Compatibility Improved

  • Python ≥ 3.10.0. @beartype now officially supports Python 3.10, currently in beta but maybe-soon-to-be-released thanks to Python's accelerated release schedule. Python 3.10 significantly broke backwards compatibility with runtime introspection of type hints and thus runtime type checkers, complicating support for Python 3.10 for most runtime type checkers (including us). Specifically, Python 3.10 unconditionally enables "PEP 563 -- Postponed Evaluation of Annotations" – an abysmal standard preferentially improving the efficiency of statically type-checked applications by reducing the efficiency of applications also checked by runtime type checkers. We can only protest with skinny fists lifted like antennas to GitHub. Praise be to Guido.
  • PEP 563 – "Postponed Evaluation of Annotations". While beartype 0.1.1 only partially supported PEP 563, @beartype now fully supports all edge cases associated with PEP 563 – including postponed methods, nested functions, closures, and forward references. Forward references merit particular mention. Why? Because of course, forward references are fundamentally indistinguishable from PEP 563-postponed type hints, because PEP 563 was never intended to be usable at runtime.

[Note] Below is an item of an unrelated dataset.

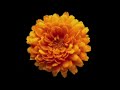 Marigold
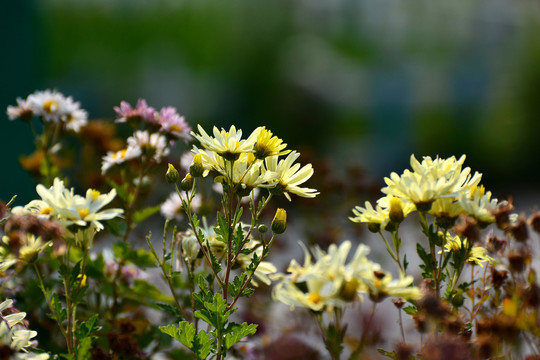 菊花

Unsurprisingly, it isn't. While numerous Python packages superficially support PEP 563 by deferring to the broken typing.get_type_hints() function, @beartype is the first and thus far only annotation-based Python package to fully support PEP 563 and thus Python 3.10.
  • PEP 586 – "Literal Types". The @beartype decorator now fully supports the new typing.Literal type hint introduced by Python ≥ 3.9. Note, however, that beartype validators offer similar but significantly more practical support for type hint-based equality comparison in our new beartype.vale.IsEqual class.

Issues Resolved

  • typing.OrderedDict under Python 3.7.0 and 3.7.1. @beartype now conditionally imports the typing.OrderedDict singleton only if the active Python interpreter targets Python ≥ 3.7.2, the patch release that bizarrely changed the public typing API by introducing this new public attribute. Doing so improves compatibility with both Python 3.7.0 and 3.7.1 and resolves issue #33 – kindly reported by @aiporre, the dancing unicorn that radiates sparkles named Ariel.

Tests Improved

  • Test coverage. The test suite for @beartype now automatically generates test coverage metrics – resolving #20. This includes:
    • Locally via the third-party coverage package (if importable under the active Python interpreter). @beartype intentionally leverages the coverage package directly rather than its higher-level pytest-cov wrapper, as the latter offers no tangible benefits over the former while suffering various tangible harms. These include:
      • Insufficient configurability, preventing us from sanely generating XML-formatted reports via our existing tox.ini configuration.
      • Ambiguous output, preventing us from sanely differentiating expected from unexpected behaviours.
      • Argumentative and strongly opinionated developers, which is frankly never a good look for open-source volunteerism.
    • Remotely via the third-party Codecov.io coverage service, integrated with the codecov/codecov-action now performed on each commit and pull request by our GitHub Actions continuous integration (CI) workflow.
  • Python Development Mode (PDM). The PDM (e.g., -X dev, PYTHONDEVMODE) is now enabled by default under both pytest and tox and thus continuous integration (CI), mildly improving the robustness of our test suite in edge cases that absolutely should never apply (e.g., GIL and memory safety violations) but probably will, because bad things always happen to good coders. It's, like, a law.

Documentation Revised

  • See Also. The See Also section of our front-facing README.rst
    documentation has been significantly expanded with:
    • A comparative review of all known runtime type checkers.
    • A new Runtime Data Validators subsection enumerating all known runtime validation (e.g., contract, trait) packages.